Wednesday, July 01, 2026

Zorro, on MHz


He fights injustice wearing fetish gear. So, you can either play Johnston McCulley’s Zorro dark and moody, or rather silly and randy. Many versions have opted for the latter. Remember George Hamilton in Zorro: The Gay Blade? At least Martin Campbell’s first movie with Antonio Banderas kept the mood light without getting too silly (but maybe not so much the second). In contrast, the short-lived newspaper comic strip really explored the darker side of Don Diego’s psyche. However, the new French-speaking swashbuckler leans back into broad farce throughout co-creators Benjamin Charbit & Noe Debre’s eight-episode French-language Zorro, which just released on MHz Choice.

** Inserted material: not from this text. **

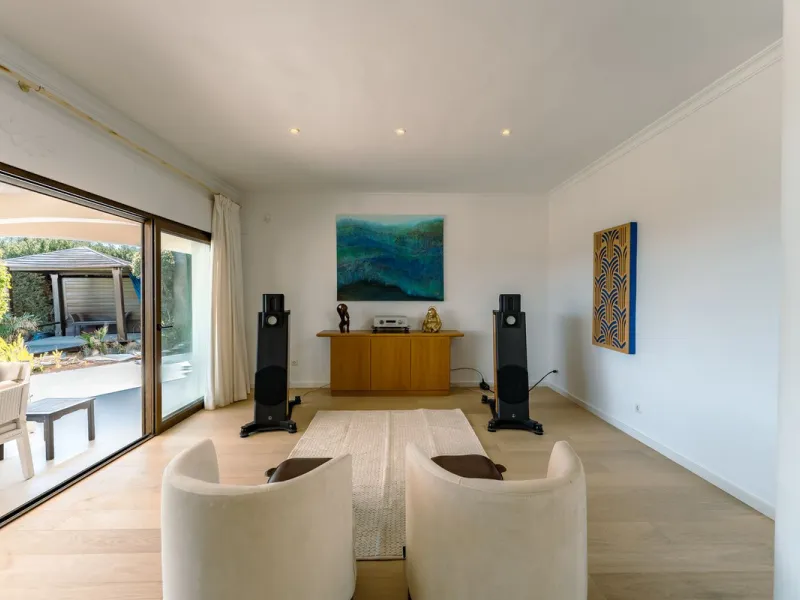 An exceptional south-facing villa, exquisitely modernised, occupying a privileged second-line golf position in El Paraíso, offering breathtaking 180-degree panoramic views across the golf course to the Mediterranean Sea and the North African coastline.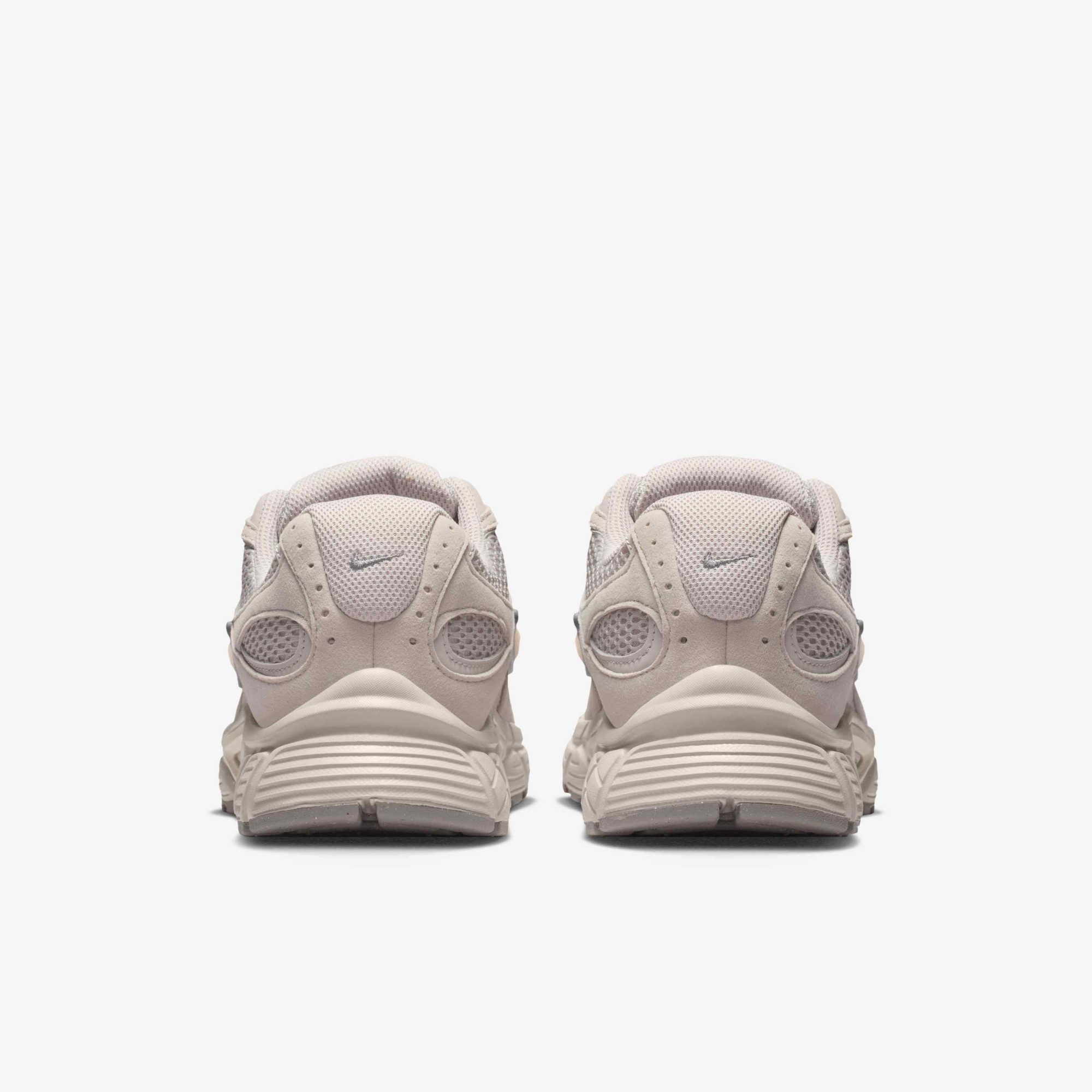 Кросівки Nike W V5 RNR II6294-201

Don Diego de la Vega has hung up his whip, retiring from Robin Hood-style vigilantism. Instead, he concentrates on boring public works projects he hopes to implement once he succeeds his father as alcalde of [Old] Los Angeles. Unfortunately, Don Alejandro has no confidence in his supposedly clumsy, over-intellectual son, so he refuses to transfer power, until he leaves office feet-first. Yet, he still bedevils Don Diego as a very judgmental ghost.

Of course, the old man never knew Don Diego was Zorro, the notorious “Fox.” Similarly, Don Diego never knew Don Alejandro had completely mortgaged Los Angeles to sly Don Emmanuel, who now intends to collect. As the crooked villain exploits the people with impunity, Don Diego once again assumes the guise of Zorro. As usual, he steals the hearts of women, including, much to his own consternation, his wife Gabriella’s. Given their marriage’s recent doldrums, Don Diego cannot help seducing her as Zorro, but then he feels the pain of betrayal as Don Diego.

Indeed, a more serious treatment might have made considerable psychological hay out of Don Diego’s split persona. However, Charbit, Debre, and writer Emmanuel Poulain-Arnaud largely play the situation for naughty laughs. Frankly, in terms of tone, this Zorro often feels like a Mission-flavored prequel to Jean Dujardin’s
OSS 117 spy spoof franchise.

In contrast, Audrey Dana is terrific navigating her unusual love triangle, with sensitivity and passion. Weirdly, Gregory Gadebois is also quite memorable, as Sgt. Cristobel Garcia, of the Los Angeles garrison. Unlike the portly soldiers who were weekly fat-shamed on the Disney-Guy Williams series (which remains one of the more successful Zorro productions), Garcia comes to self-consciously embrace Zorro as the nemesis that gives meaning to his existence.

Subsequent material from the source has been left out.